Limit exists or not? $\lim \limits_{n \to\infty}\ \left[n-\frac{n}{e}\left(1+\frac{1}{n}\right)^n\right] $
Note that we can write
$$\begin{align} n-\frac ne\left(1+\frac1n\right)^n&=n-\frac ne e^{n\log\left(1+\frac1n\right)}\\\\ &=n-\frac ne e^{n\left(\frac1n -\frac{1}{2n^2}+O\left(\frac{1}{n^3}\right)\right)}\\\\ &=n-n\left(1-\frac{1}{2n}+O\left(\frac{1}{n^2}\right)\right) \\\\ &=\frac12+O\left(\frac1n\right) \end{align}$$
This is very similar to Dr.
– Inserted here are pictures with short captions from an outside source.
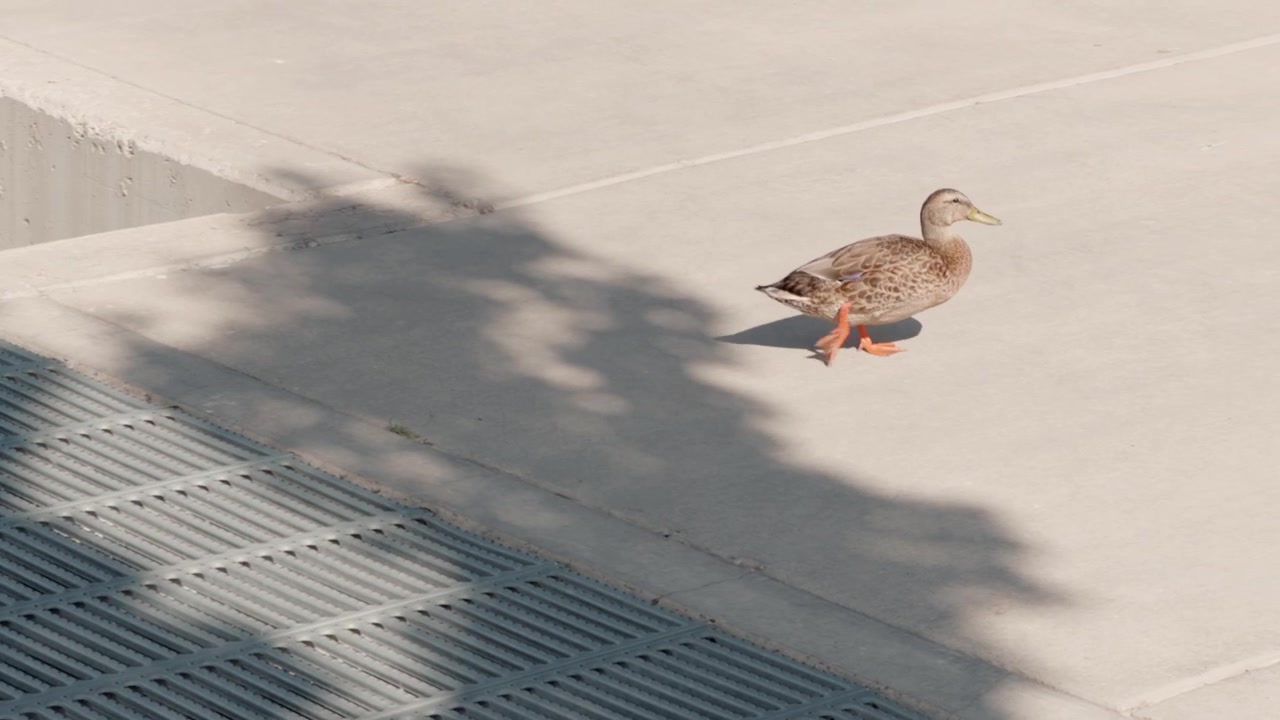 Tracking shot follows a duck walking left to right beside water and concrete.
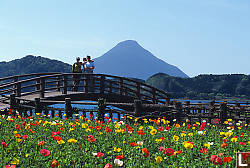 Lakeside View Of Kaimon-dake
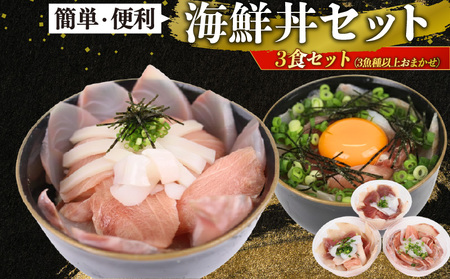 【 海鮮丼 】 海鮮丼 旬の魚3種以上 合計500g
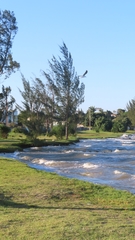 Chroicocephalus cirrocephalus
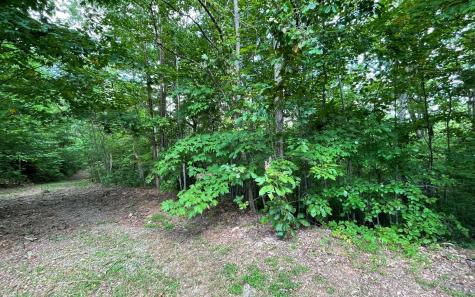 Lot 20 Enchanted Ridge Hayesville NC 28904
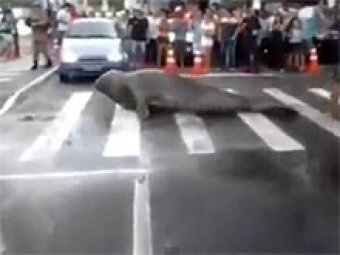 В Бразилии огромный дикий морской лев перешел дорогу по "зебре"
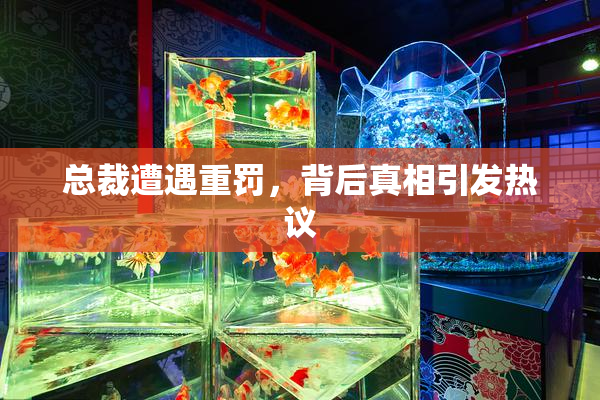总裁遭遇重罚，背后真相引发热议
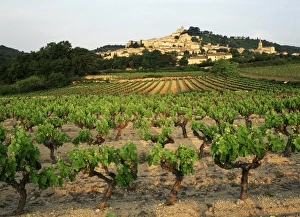 France, Bonnieux, Vaucluse, Luberon, View of Provence vineyard France, Bonnieux, Vaucluse, Luberon, View of Provence vineyard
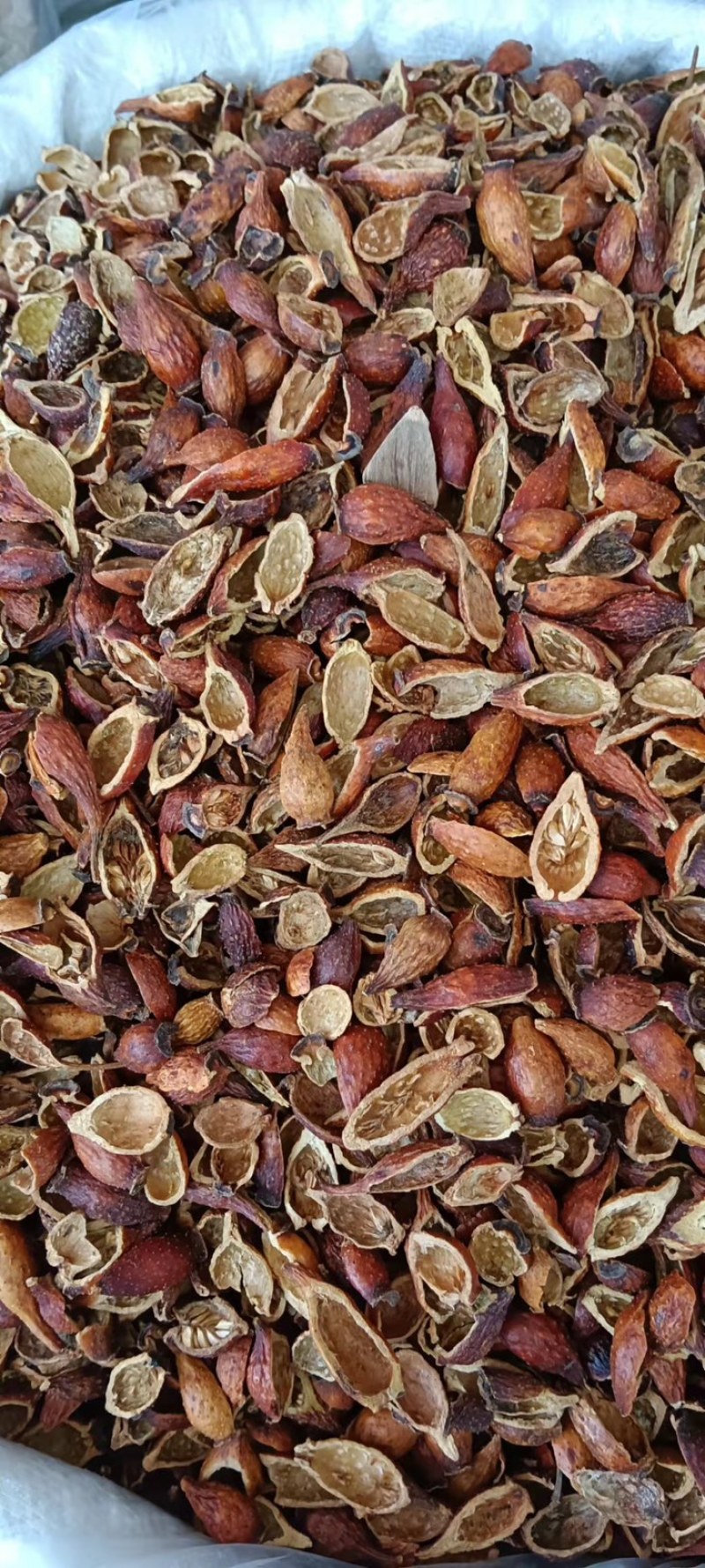 中药材金樱子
MV's answer using a slightly different approach.
Considering $$A_n=n-\frac{n}{e}\left(1+\frac{1}{n}\right)^n$$ Let us first look at $$B_n=\left(1+\frac{1}{n}\right)^n$$ Take the logarithm $$\log(B_n)=n\log\left(1+\frac{1}{n}\right)$$ Since $n$ is large, use Taylor for $\log(1+x)$ when $x$ is small and replace $x$ by $\frac 1n$. So, you have $$\log(B_n)=n\Big(\frac{1}{n}-\frac{1}{2 n^2}+\frac{1}{3 n^3}+O\left(\frac{1}{n^4}\right)\Big)=1-\frac{1}{2 n}+\frac{1}{3 n^2}+O\left(\frac{1}{n^3}\right)$$ Now $$B_n=e^{\log(B_n)}=e-\frac{e}{2 n}+\frac{11 e}{24 n^2}+O\left(\frac{1}{n^3}\right)$$ Back to $A_n$ $$A_n=n-\frac n e\Big(e-\frac{e}{2 n}+\frac{11 e}{24 n^2}+O\left(\frac{1}{n^3}\right) \Big)=\frac{1}{2}-\frac{11}{24 n}+O\left(\frac{1}{n^2}\right)$$ which shows the limit and also how it is approached.
For illustration purposes, using $n=10$, $A_n\approx 0.458155$ while the above formula gives $\frac{109}{240}\approx 0.454167$.